My kids got me a Stanley Bailey 5 chisel set (on its way, haven't seen them yet. I have been kind of wanting a set of Stanley Sweetheart and just looked and can get set of 4 Stanley Sweetheart of about $80, and this set of Stanley Bailey, with roll pouch, goes for about $60. I have an old Stanley set and will be using whatever new set I get for paring and, mostly, mortise work.

Should I send these back and get the Sweetheart? (the Bailey also come with micro bevel, and while i have a Scary Sharp system set up with 10 diff grits on a large piece of 3/8" float glass i am a little nervous of my ability to accurately sharpen the micro bevel (i am assuming 25d with 30d micro, and plan on spending time to get back flat and bevel honed regardless of chisel choice, and yes do use honing jig).

In reality, I do not use chisels a great deal, the occasional mortised hinge or, for this present project a double mortised lock i will be installing.

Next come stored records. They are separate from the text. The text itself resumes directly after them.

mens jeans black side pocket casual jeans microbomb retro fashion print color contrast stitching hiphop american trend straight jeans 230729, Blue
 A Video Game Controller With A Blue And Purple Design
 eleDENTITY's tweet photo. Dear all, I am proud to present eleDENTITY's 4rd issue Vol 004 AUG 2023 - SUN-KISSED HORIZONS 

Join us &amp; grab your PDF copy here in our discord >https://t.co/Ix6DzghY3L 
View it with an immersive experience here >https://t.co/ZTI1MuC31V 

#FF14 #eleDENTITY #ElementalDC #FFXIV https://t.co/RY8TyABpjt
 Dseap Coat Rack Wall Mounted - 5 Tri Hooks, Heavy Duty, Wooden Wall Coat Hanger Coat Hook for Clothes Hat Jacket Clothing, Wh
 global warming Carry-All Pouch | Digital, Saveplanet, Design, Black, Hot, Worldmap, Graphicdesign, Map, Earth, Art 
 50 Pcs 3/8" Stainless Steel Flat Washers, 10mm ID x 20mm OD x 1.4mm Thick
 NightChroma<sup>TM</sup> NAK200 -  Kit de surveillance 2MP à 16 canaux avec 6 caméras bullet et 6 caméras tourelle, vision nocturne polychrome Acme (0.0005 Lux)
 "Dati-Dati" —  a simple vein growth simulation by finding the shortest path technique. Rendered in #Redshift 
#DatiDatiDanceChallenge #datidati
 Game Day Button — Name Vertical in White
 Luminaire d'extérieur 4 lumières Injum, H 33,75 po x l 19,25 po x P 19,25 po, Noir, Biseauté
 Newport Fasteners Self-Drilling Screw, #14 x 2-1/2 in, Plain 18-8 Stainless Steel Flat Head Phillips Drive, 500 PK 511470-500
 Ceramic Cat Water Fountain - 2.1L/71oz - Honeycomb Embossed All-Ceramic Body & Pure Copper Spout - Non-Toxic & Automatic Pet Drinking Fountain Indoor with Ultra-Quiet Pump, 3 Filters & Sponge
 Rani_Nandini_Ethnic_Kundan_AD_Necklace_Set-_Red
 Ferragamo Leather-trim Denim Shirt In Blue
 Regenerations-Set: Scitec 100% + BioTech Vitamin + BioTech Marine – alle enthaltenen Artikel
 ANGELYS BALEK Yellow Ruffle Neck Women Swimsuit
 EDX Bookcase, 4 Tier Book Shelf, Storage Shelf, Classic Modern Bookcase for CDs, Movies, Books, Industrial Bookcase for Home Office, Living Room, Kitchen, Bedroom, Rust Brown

Thoughts and suggestions appreciated.

P.S. If not huge difference, would like to keep the birthday present from my kids.


----------



## john sayles

Given the fact that you don't use chisels all that much to begin with, as well as the fact that there exists an emotional reason to keep the Baileys, I think you should keep the set you have.

You're probably also better off with the tanged Bailey design, rather than the socketed Sweetheart design (which can loosen).

Lastly, don't sweat the microbevels -- ultimately, they're not even necessary, but rather a time saving convenience.

Useless (and heated) discussions/arguments have developed over the topic of sharpening, and there is little consensus, but this much is true:

No matter what you buy, or how it arrives, you _will_ have to ultimately re-sharpen it, and whatever you do to get it sharp is fine.


----------



## rayking49

+1 I agree


----------



## Joeb41

Good advice from John, go for it!


----------



## Steve S.

I received them, initial inspection is they look good. Square, pretty flat, will need to flatten back a little and remove the tool marks, but they are actually sharp enough to use out of the box.
Main thing is, my kids got them for me, will remember that every time I grab one, nice to have family supporting my passion.

Thanks all.


----------



## ruud.schmitz

Steve S. said:


> I received them, initial inspection is they look good. Square, pretty flat, will need to flatten back a little and remove the tool marks, but they are actually sharp enough to use out of the box.
> Main thing is, my kids got them for me, will remember that every time I grab one, nice to have family supporting my passion.
> 
> Thanks all.


so your kids are the actual sweethearts


----------